◆ SUPPLIED RECORDS
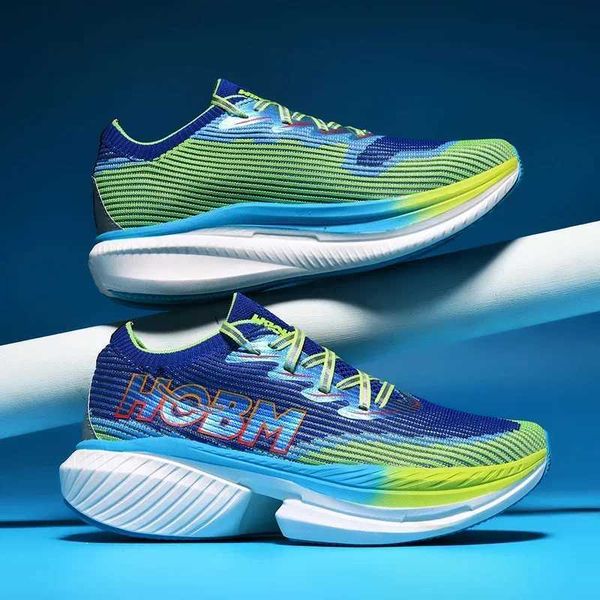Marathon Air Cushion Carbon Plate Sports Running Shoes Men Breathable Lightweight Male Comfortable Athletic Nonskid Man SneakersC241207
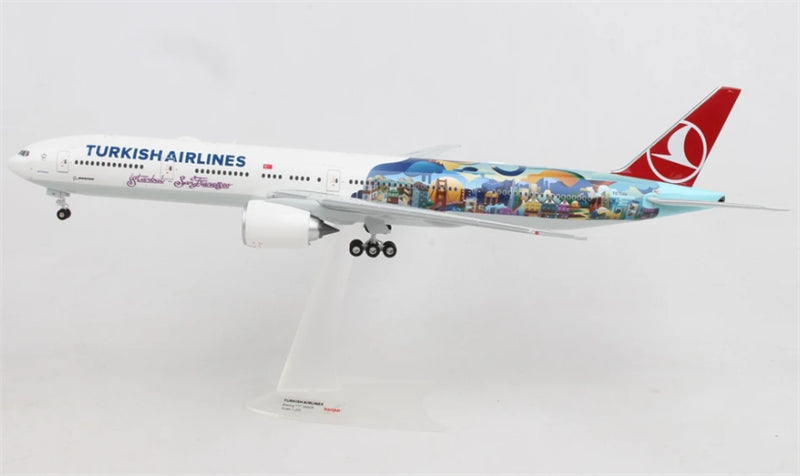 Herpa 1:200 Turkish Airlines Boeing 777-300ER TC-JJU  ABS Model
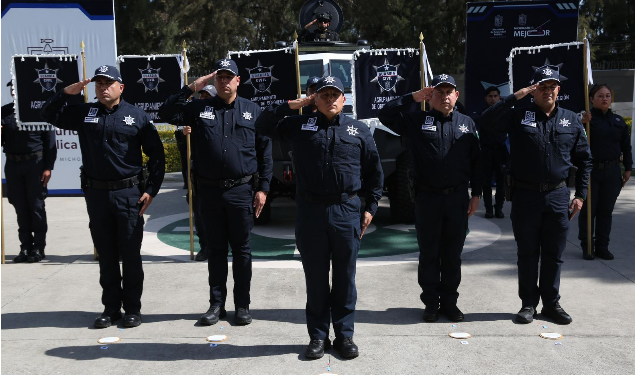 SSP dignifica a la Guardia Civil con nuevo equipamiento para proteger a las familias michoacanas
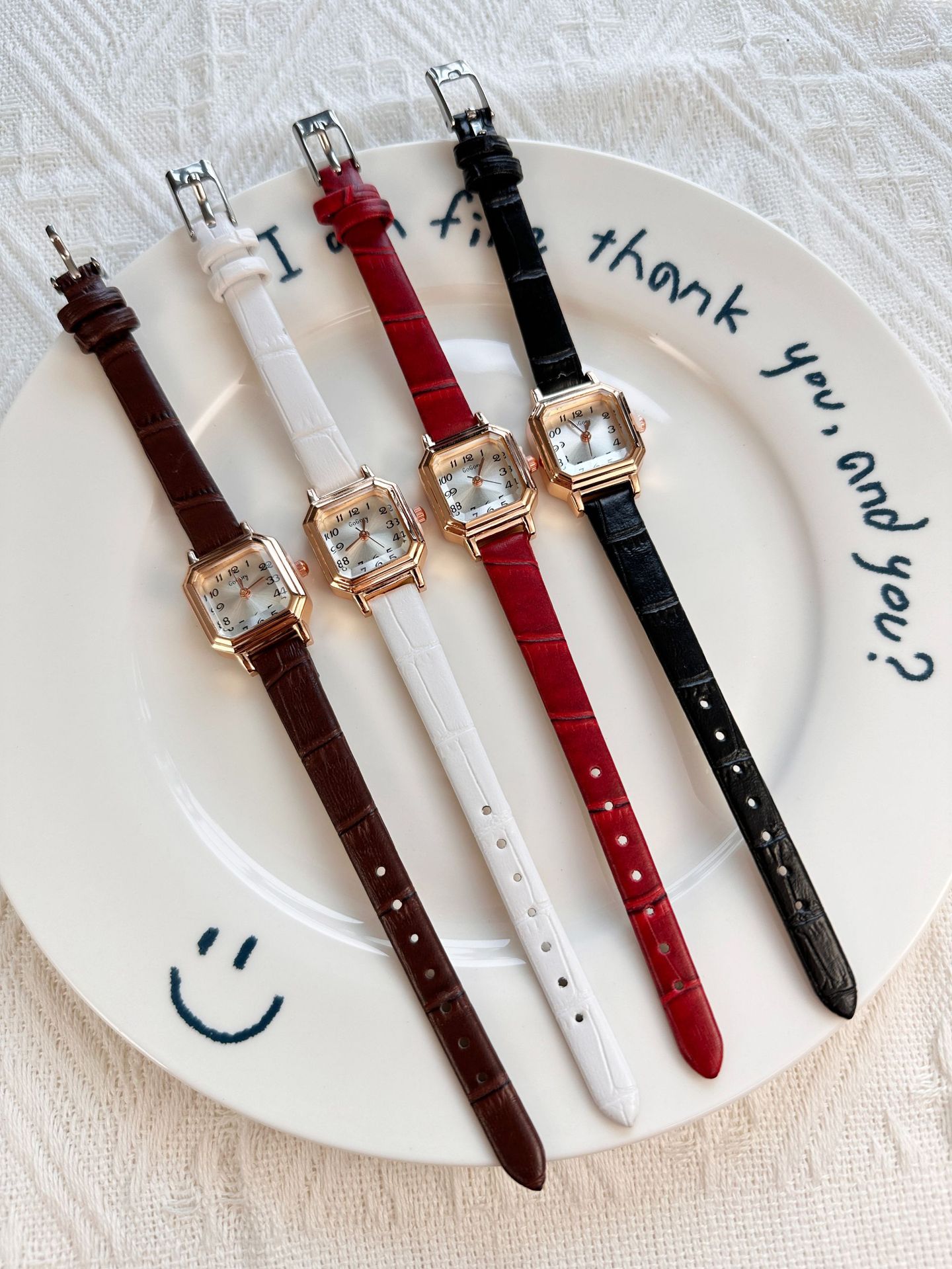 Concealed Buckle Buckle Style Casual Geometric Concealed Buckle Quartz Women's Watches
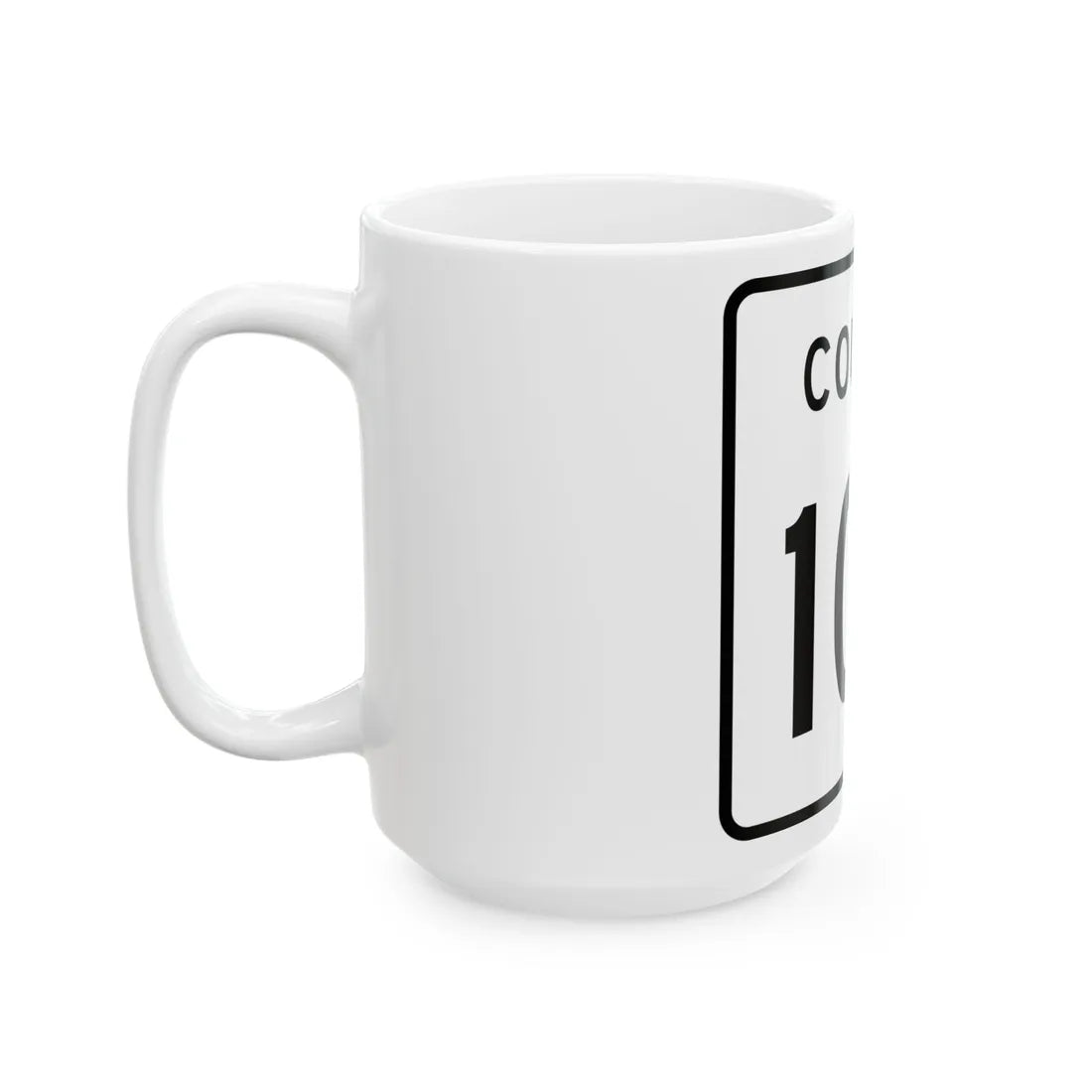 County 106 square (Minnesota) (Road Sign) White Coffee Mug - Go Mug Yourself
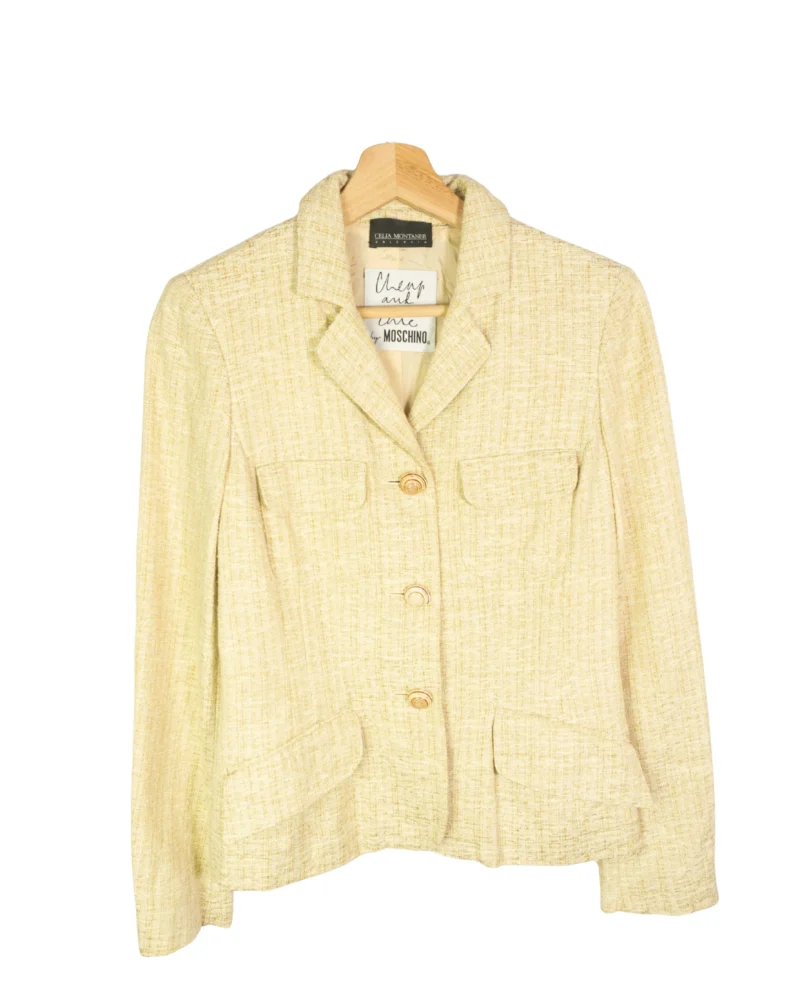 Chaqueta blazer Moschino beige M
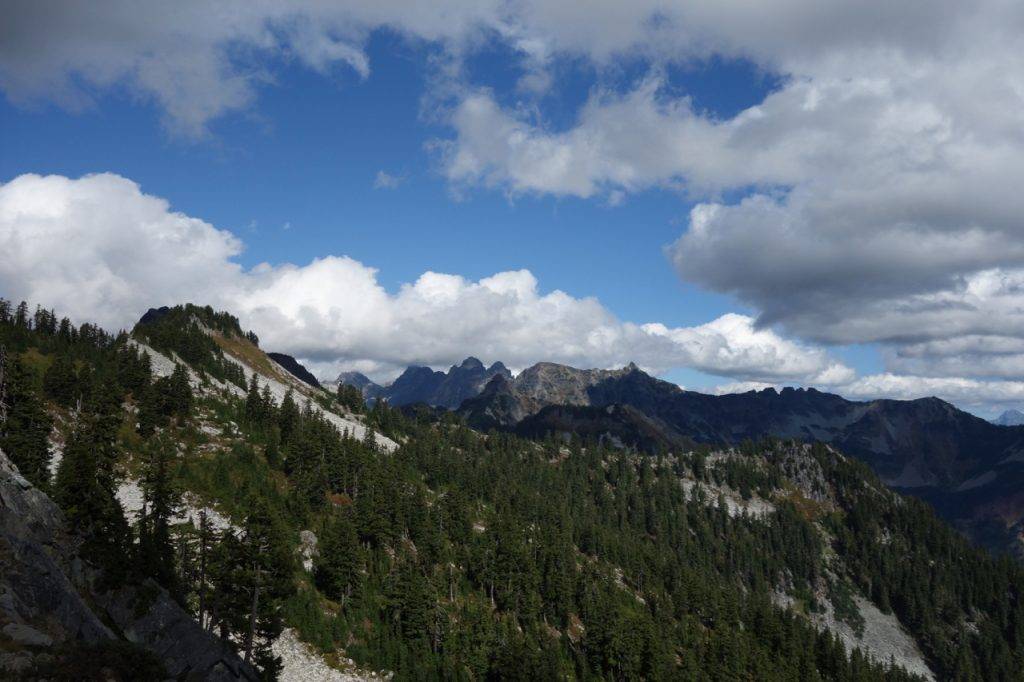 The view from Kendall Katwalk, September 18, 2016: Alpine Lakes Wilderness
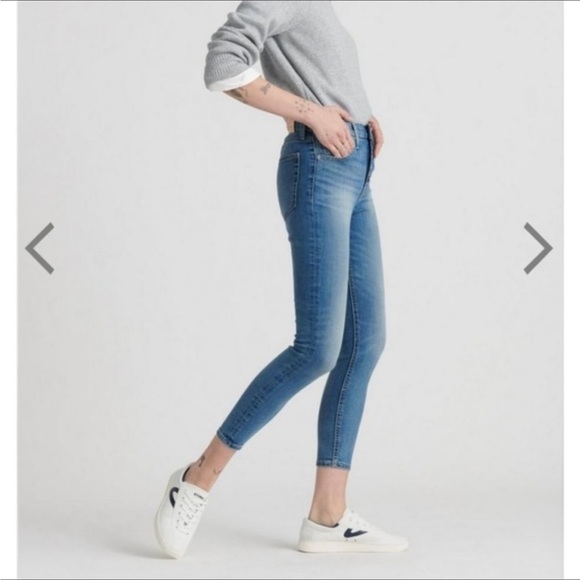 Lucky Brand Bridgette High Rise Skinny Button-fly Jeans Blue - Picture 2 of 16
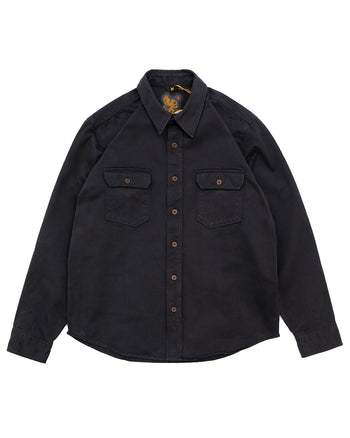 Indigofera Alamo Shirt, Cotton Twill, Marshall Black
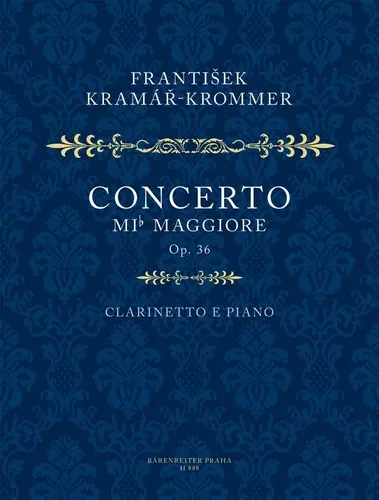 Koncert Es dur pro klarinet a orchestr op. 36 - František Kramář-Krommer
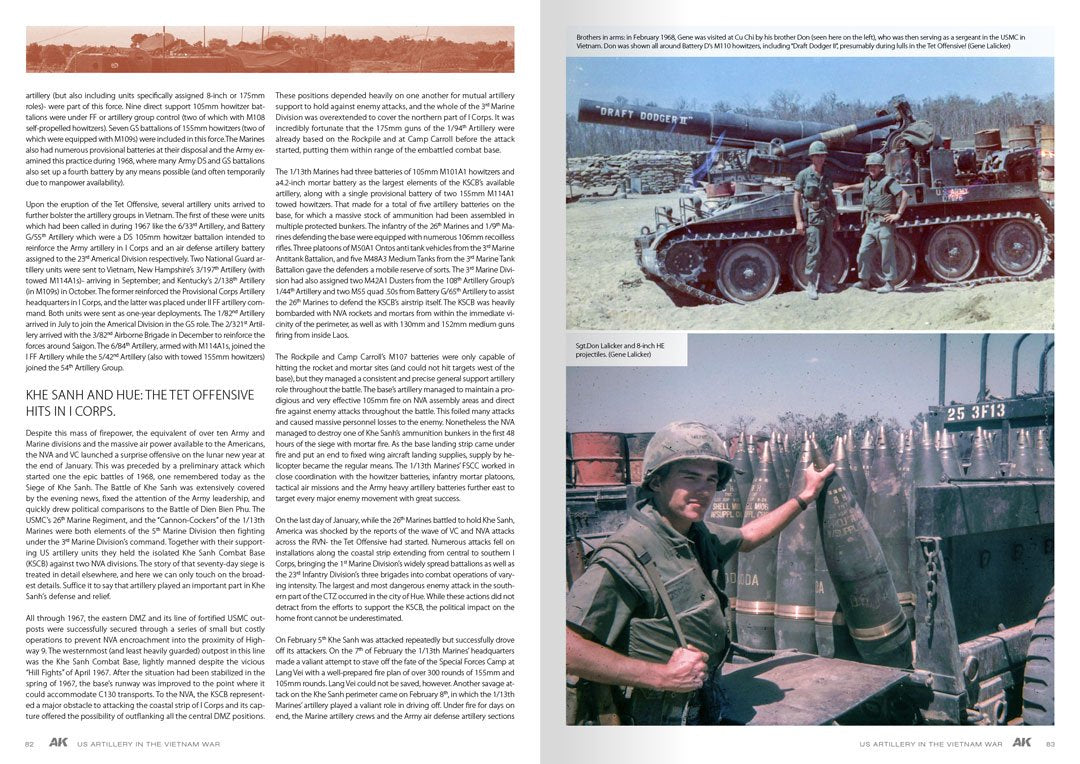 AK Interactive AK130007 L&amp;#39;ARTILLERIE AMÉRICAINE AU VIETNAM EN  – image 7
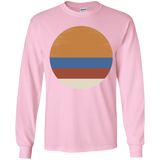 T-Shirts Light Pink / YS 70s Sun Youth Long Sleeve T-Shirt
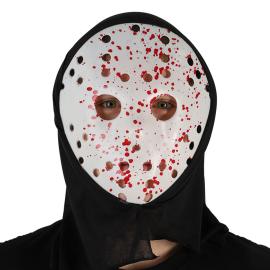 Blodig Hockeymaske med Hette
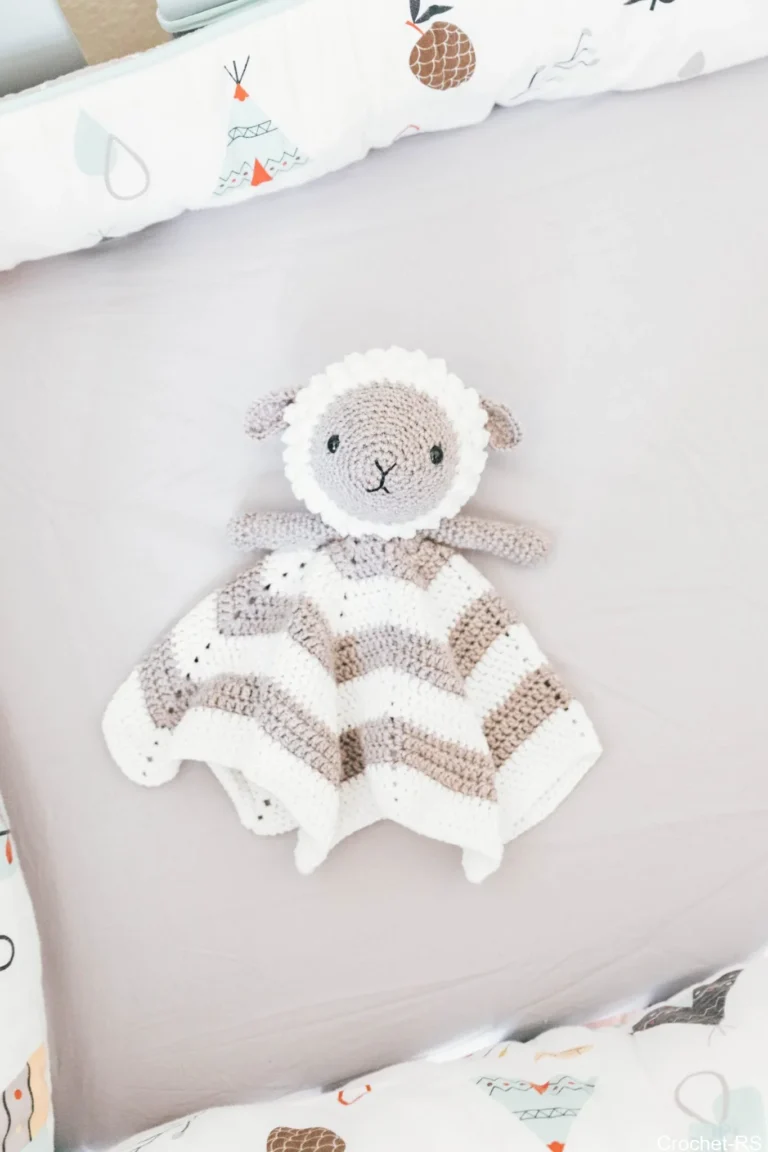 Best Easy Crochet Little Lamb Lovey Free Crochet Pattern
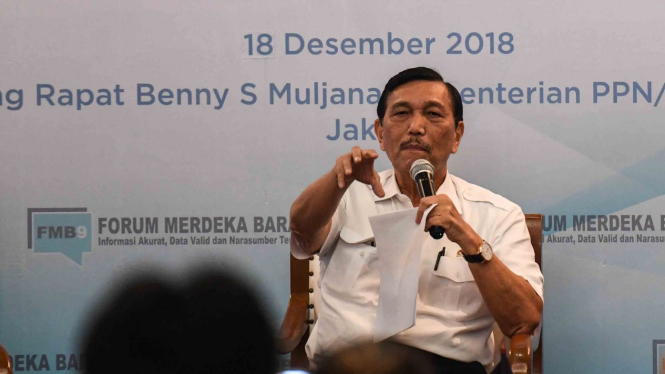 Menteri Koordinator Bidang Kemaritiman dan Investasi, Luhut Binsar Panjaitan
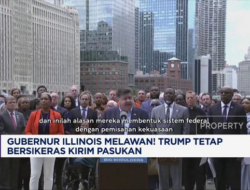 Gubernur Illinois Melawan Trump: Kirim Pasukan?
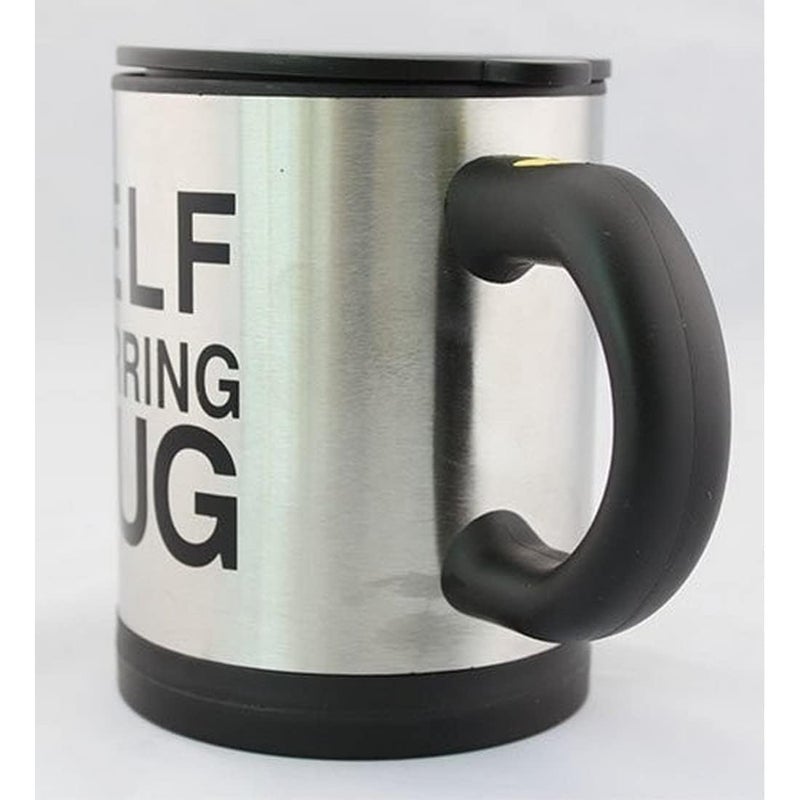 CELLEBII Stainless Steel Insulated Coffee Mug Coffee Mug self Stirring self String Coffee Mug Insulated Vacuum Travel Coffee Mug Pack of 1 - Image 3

◆ WHAT YOU SHOULD DO
What is needed is an exact copy of the lines from the start of the listing above through the line that holds "Lucky Brand Bridgette", with the pictures left out.

◆ RESPONSE
Marathon Air Cushion Carbon Plate Sports Running Shoes Men Breathable Lightweight Male Comfortable Athletic Nonskid Man SneakersC241207
 Herpa 1:200 Turkish Airlines Boeing 777-300ER TC-JJU  ABS Model
 SSP dignifica a la Guardia Civil con nuevo equipamiento para proteger a las familias michoacanas
 Concealed Buckle Buckle Style Casual Geometric Concealed Buckle Quartz Women's Watches
 County 106 square (Minnesota) (Road Sign) White Coffee Mug - Go Mug Yourself
 Chaqueta blazer Moschino beige M
 The view from Kendall Katwalk, September 18, 2016: Alpine Lakes Wilderness
 Lucky Brand Bridgette High Rise Skinny Button-fly Jeans Blue - Picture 2 of 16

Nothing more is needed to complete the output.